It is a stark and cold reality that the people of England face at the best of times. Our skies are grey, our people accustomed to disappointment and lies of promised greatness. For many years, we have existed in a state of limbo and appeasement, where our laws better serve PR than the public interest. Our governments are afraid to make any radical change, fearing that they may polarise the voters and lose the next election. Our police are powerless to stop the growing culture of adolescent crime, and year after year, English people become more disillusioned, more dejected, and as grey as their own grey skies.
The last three nights have seen riots and looting by a criminal element in major cities. These crimes, these attacks on the people of England, will (I promise you) go mostly unpunished. Those that are caught will be scapegoats.
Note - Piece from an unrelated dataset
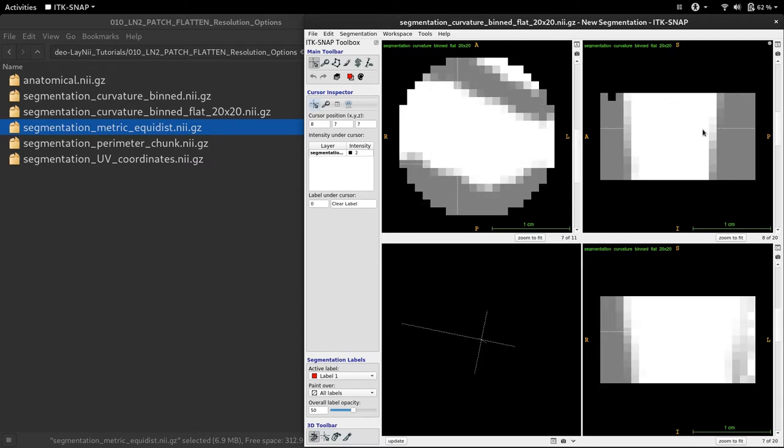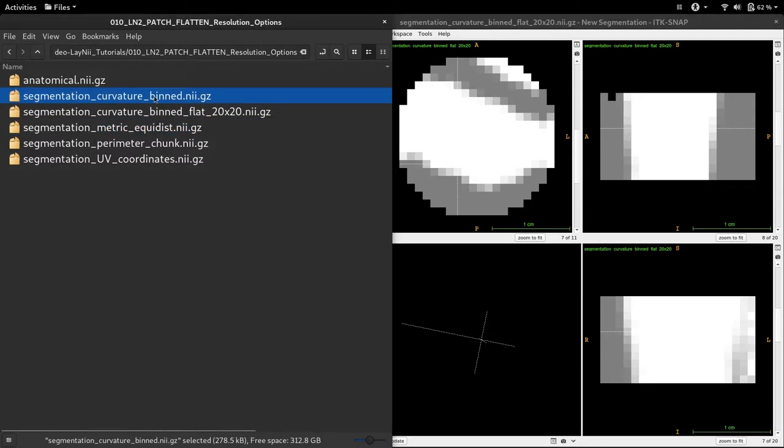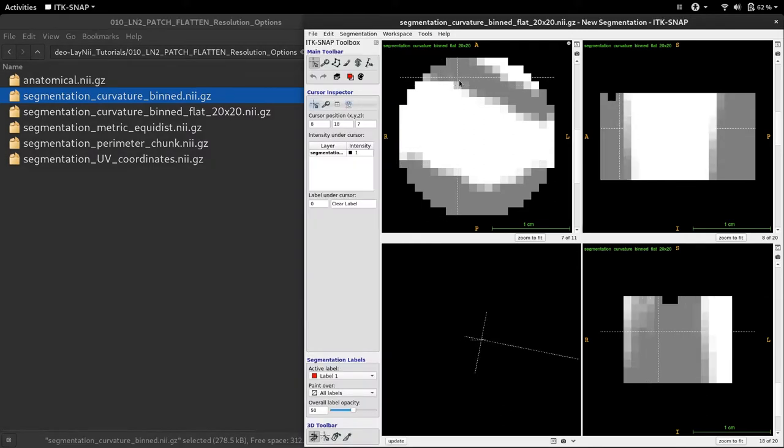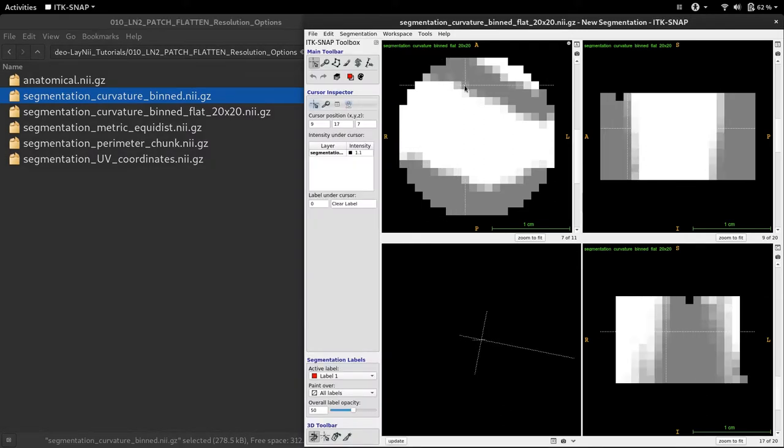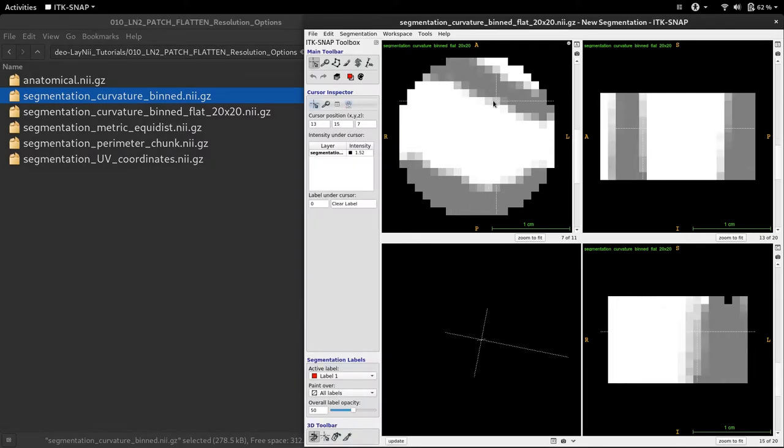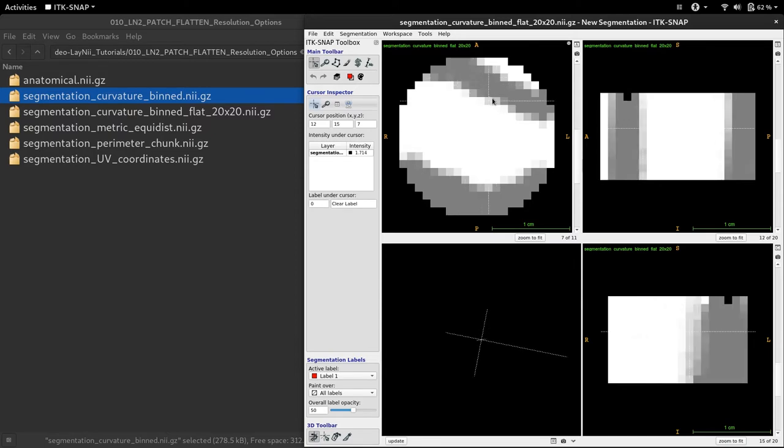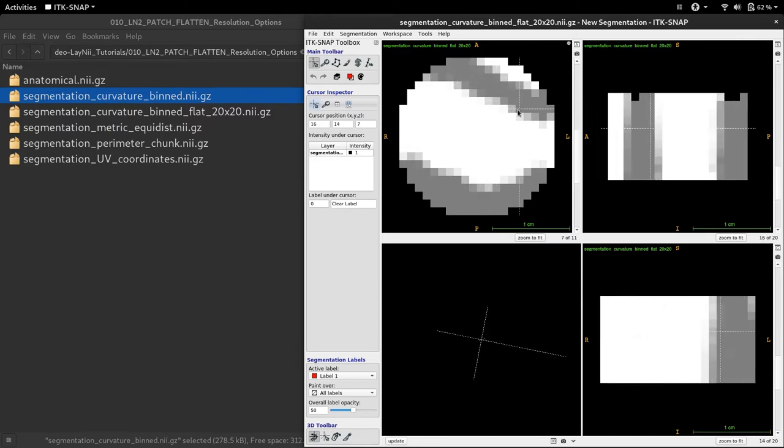I would like to expand upon this decision because this is a very important visualization decision. You can remember that in the original curvature bind data we only had ones and twos - one denoting sulci and two denoting gyri. However, in the flat representation that we acquired by using ln2 patch flatten, we ended up having some numbers in between 1 and 2, especially in the transition parts. So why did this happen?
Your newspapers will be adorned with 12-16 faces, the faces of those responsible for the biggest “crimes” of the riots. The arson, the violent attacks, the things the media got pictures of. The rest will be ignored…
But what is the long-term effect? These riots have had hundreds, if not thousands of participants over the last few days. The effect has scattered to four cities. Those that have committed themselves to this brutish behaviour will discover that there is little to no punishment for their actions. Many of them will commit similar acts in future. The small gangs of adolescents who before this may have committed only petty crimes have gotten away with proverbial murder. They will do it again. They will organise themselves in to large groups. They will riot and loot at every opportunity. English society will suffer.
What are you going to do about it? The police are powerless. The English public, for the most part, want to see the police busting heads. They want the army involved. They want a harsh and swift reaction to these crimes because, seemingly unbeknownst to the government, the police or the media, the general public have been putting up with this increasingly criminal culture since the police were castrated in the 70’s and 80’s (and periodically since.)
I left England. There was no way me and my partner were going to build a life together in a country that has been going down the pipes for so long that it is closer to the bottom than the top. I consider myself to be a good person. Many other good people have spoken to me yesterday and today saying they wish they could get out like I did. From the look of it, in a few years there will only be three kinds of people left in England. The unlucky few who can’t find a way to escape, the kind of mindless, adolescent morons that commit these acts and the horrific adults they inevitably grow in to.